Papa Francesco e la Santa Sede hanno già avuto un ruolo fondamentale per giungere all’obiettivo di un Trattato sulla proibizione delle armi nucleari, votato a New York da 122 Paesi nel luglio 2017 e ormai ratificato da 33 Stati (la Città del Vaticano è stata la prima). Ne servono solo altri 17 affinché il Trattato diventi norma internazionale, certificando per la prima volta l’illegalità di ordigni che sono in grado di cancellare intere città in pochi minuti. Già nel 2017, durante il Simposio sul Disarmo organizzato dal Dicastero vaticano per lo Sviluppo umano integrale, il Papa aveva per la prima volta sottolineato l’immoralità non solo dell’uso o della minaccia d’uso, ma anche del mero possesso delle armi nucleari.
In previsione della sua visita a Hiroshima e Nagasaki abbiamo voluto ricordare al Santo Padre l’importanza delle voci degli hibakusha (i sopravvissuti dei bombardamenti atomici del 1945) che per oltre sette decenni (nel 2020 ci sarà il 75° anniversario) non hanno smesso di rilanciare la propria testimonianza e sottolineare le sofferenze subite dalle due città martiri giapponesi. Per loro, ma anche per tutti coloro che hanno sofferto a causa dei test nucleari in Kazakhstan, nel Pacifico, in Algeria… l’imminente visita in Giappone di papa Francesco sarà motivo di sollievo e di speranza. E confidiamo davvero che il suo appello a tutti i leader mondiali, in particolare quelli degli Stati possessori di ordigni nucleari, sia ascoltato e porti a un numero sempre crescente di ratifiche.

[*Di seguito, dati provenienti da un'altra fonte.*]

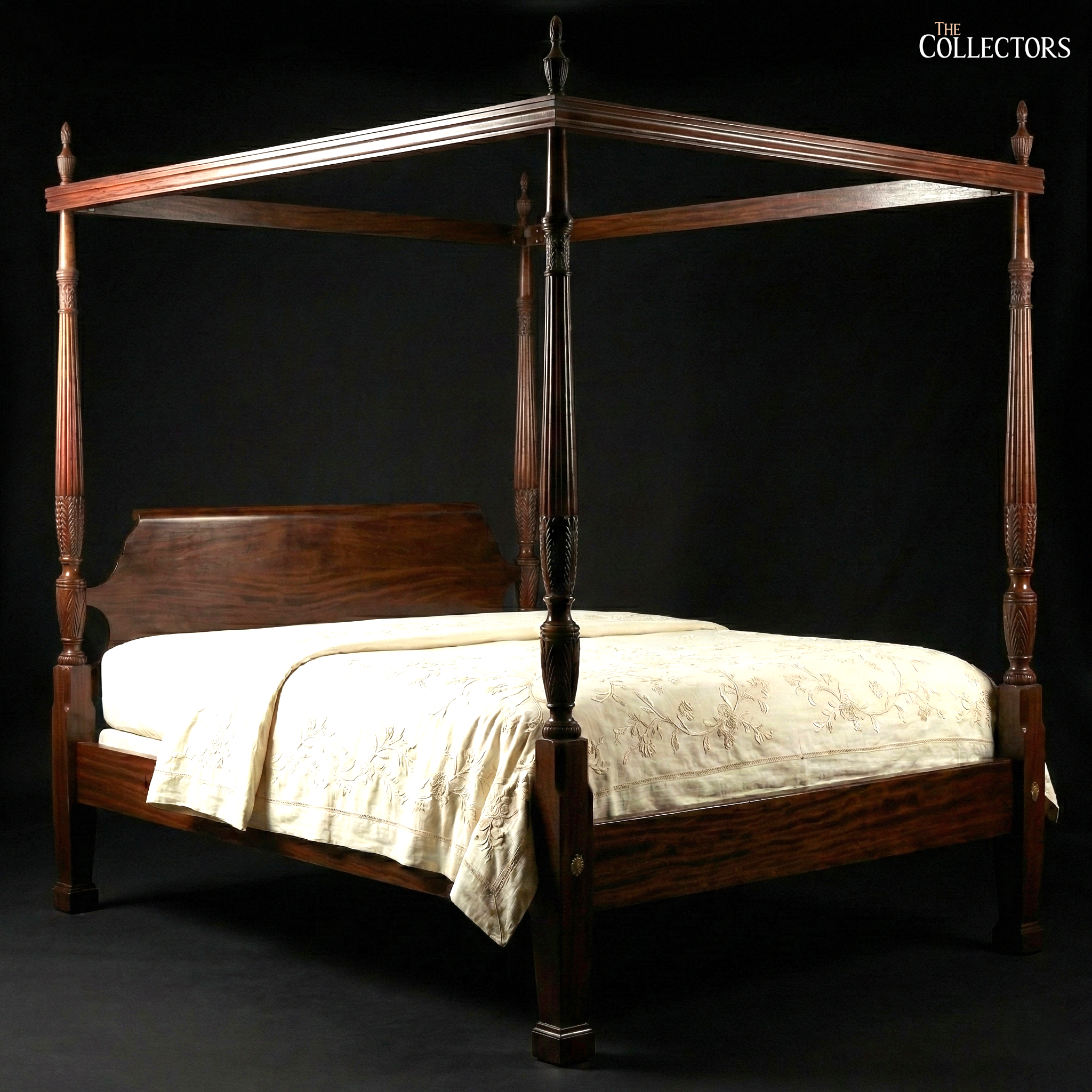 Imperial Campaign House Four Poster Bed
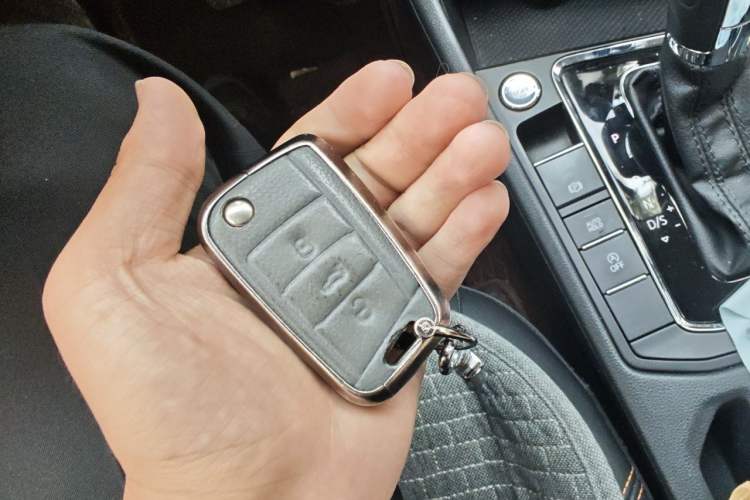 Used Volkswagen Bora 2023 200TSI DSG Enjoyment Edition Vehicle Key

La voce del Papa e quelle dei leader religiosi e della società civile internazionale – ricordiamo tra gli altri Peter Maurer, presidente della Croce Rossa Internazionale, che sottolinea da anni come per i soccorritori sarebbe impossibile assolvere al proprio compito in caso di conflitto nucleare – sono fondamentali per modificare la percezione che l’opinione pubblica ha delle armi nucleari. Molti le considerano una questione troppo tecnica e che coinvolge solo i vertici politici dei grandi Paesi, ritenendole qualcosa di lontano che non riguarda le persone comuni. Al contrario tali armi continuano a essere una minaccia diretta all’esistenza di tutti noi, e sottraggono ogni giorno ingenti risorse economiche che potrebbero invece essere utilizzate per risolvere problemi globali come la crisi climatica, la povertà, le disuguaglianze.
In questa fase turbolenta della politica mondiale, contraddistinta da una crisi del multilateralismo e della fiducia reciproca tra Paesi anche a causa delle scelte di alcuni leader politici, le armi nucleari contribuiscono a deteriorare gli equilibri di sicurezza. Non si possono dimenticare le modifiche recenti nelle dottrine militari che spingono verso la costruzione e la minaccia d’uso di ordigni sempre più piccoli e dispiegabili, e l’impatto devastante che anche un conflitto circoscritto ma combattuto con armi nucleari potrebbe avere. Una recente ricerca ha mostrato come una guerra tra India e Pakistan in cui venissero impiegate anche solo un paio di centinaia di testate potrebbe provocare fino a 125 milioni di morti in una settimana, oltre a un inverno nucleare che avrebbe impatti devastanti su clima ed agricoltura provocando carestie e perdite di vite umane anche dall’altra parte della Terra. Coinvolgendo dunque popolazioni ben lontane dal conflitto. Una simulazione relativa a una possibile escalation militare nucleare tra Russia e Stati Uniti ha invece stimato che in poche ore sarebbero 90 milioni le persone uccise o ferite.
Possiamo ancora consentire tutto questo? Possiamo continuare a fondare falsamente la ‘sicurezza internazionale’ sulla minaccia di cancellazione di intere città e popolazioni? Per noi la risposta chiara è: no. Ricordiamoci della nostra umanità e mettiamo al bando le armi nucleari.